もちろん、タイミングの取り方は千差万別であり、人によって合う、合わないは分かれるもの。あくまで、外崎のタイミングの取り方が私の好みだったに過ぎない。
外崎はボールを呼び込む際、左足を高く上げる。軸足一本で立って待ち受けるわけだが、この過程のバランスが素晴らしい。軸足側の股関節に重心が乗り、いつでもスイングを開始できる形をキープできるのだ。この安定感のある待ち方なら、打ち損じる確率が減らせるだろうと感じた。
しかし、動きを頭でわかっていても、実践することは難しい。軸足に重心が乗り過ぎれば速球に差し込まれてしまうし、重心の乗り方が浅ければ対応できる幅が小さくなる。この塩梅が外崎は絶妙だった。
さらに引っ張り、おっつけ、泳ぎながら運ぶ……と、対応できる引き出しが多いのも魅力だった。長打力はプロ入り後に目覚めたようだが、「タイミングを取れる」という長所は大学時代から光っていた。
守備でも驚かされたシーンがある。外崎が大学3年生だった当時の大学選手権、富士大は三塁を山川が守っていた。秋のドラフト会議を見据えてスカウト陣に一塁以外も守れる点をアピールしている感は否めず、山川の守備は不安定だった。
三塁前のボテボテのゴロを拾った山川が、一塁に向かってジャンピングスローを試みる。だが、指に引っかけ過ぎた送球は一塁手の右側にそれる。
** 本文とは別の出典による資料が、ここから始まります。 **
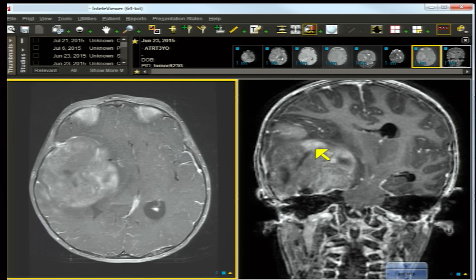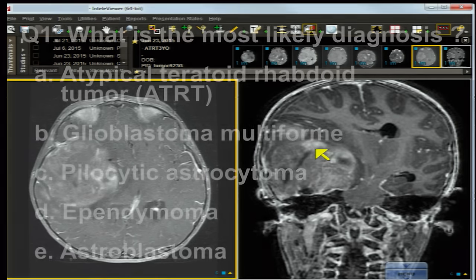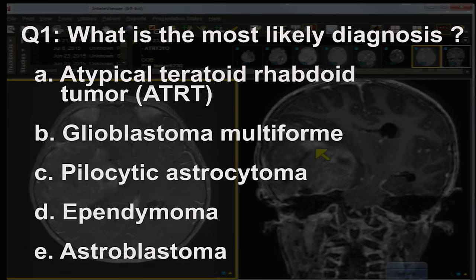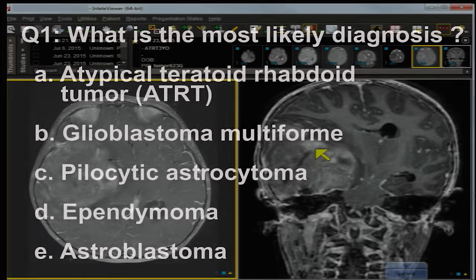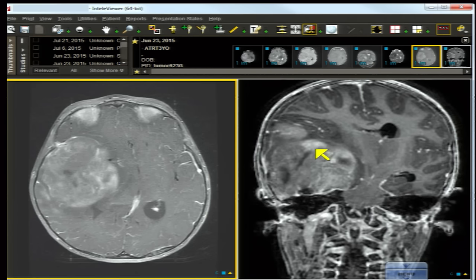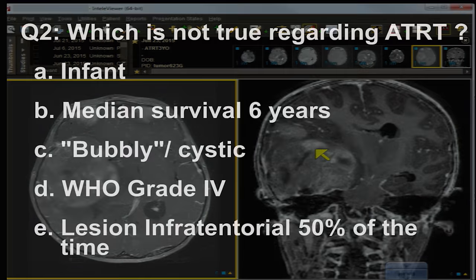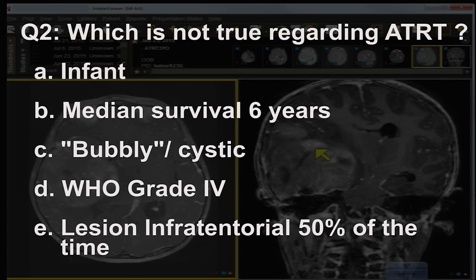Let's tackle our questions. What is the most likely diagnosis? Is it: A) atypical teratoid rhabdoid tumor or ATRT, B) glioblastoma multiforme, C) pilocytic astrocytoma, D) ependymoma, E) astroblastoma? Moving on to question two: which is NOT true regarding ATRT? A) infant, B) median survival six years, C) bubbly or cystic lesion, D) WHO grade four, E) lesion is infratentorial 50% of the time.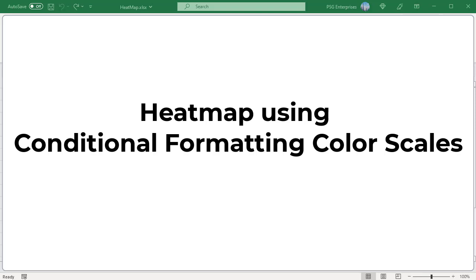A heat map is a visual interpretation of numeric data where different values are represented by different colors. In Excel, a heat map is used to display individual cells in different color codes based on their values. A heat map can be created by using conditional formatting color scale.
誰もが悪送球で打者走者が進塁すると思ったそのとき、バックアップに入っていた二塁手の外崎がそのボールをダイレクトでキャッチしたのだ。
なんとも機敏な動き。そしてバックアップに最善を尽くすチームへの献身。外崎修汰という選手の本質をこのプレーから垣間見たような気がした。プロ入り後、チーム内で欠けたピースをことごとく埋める外崎の姿は、このバックアップからすでに滲んでいたとは言い過ぎだろうか。
はっきり言えば、外崎がプロでここまで華々しく活躍するとは予想できなかった。それでも、この選手には攻守にチームを救うだけの武器があり、そして野球が大好きということはエネルギッシュな動きから十分に伝わっていた。
プレーを見ているだけで伝わるものがあり、応援したくなる。その要素こそ、外崎が持つ最大の武器なのかもしれない。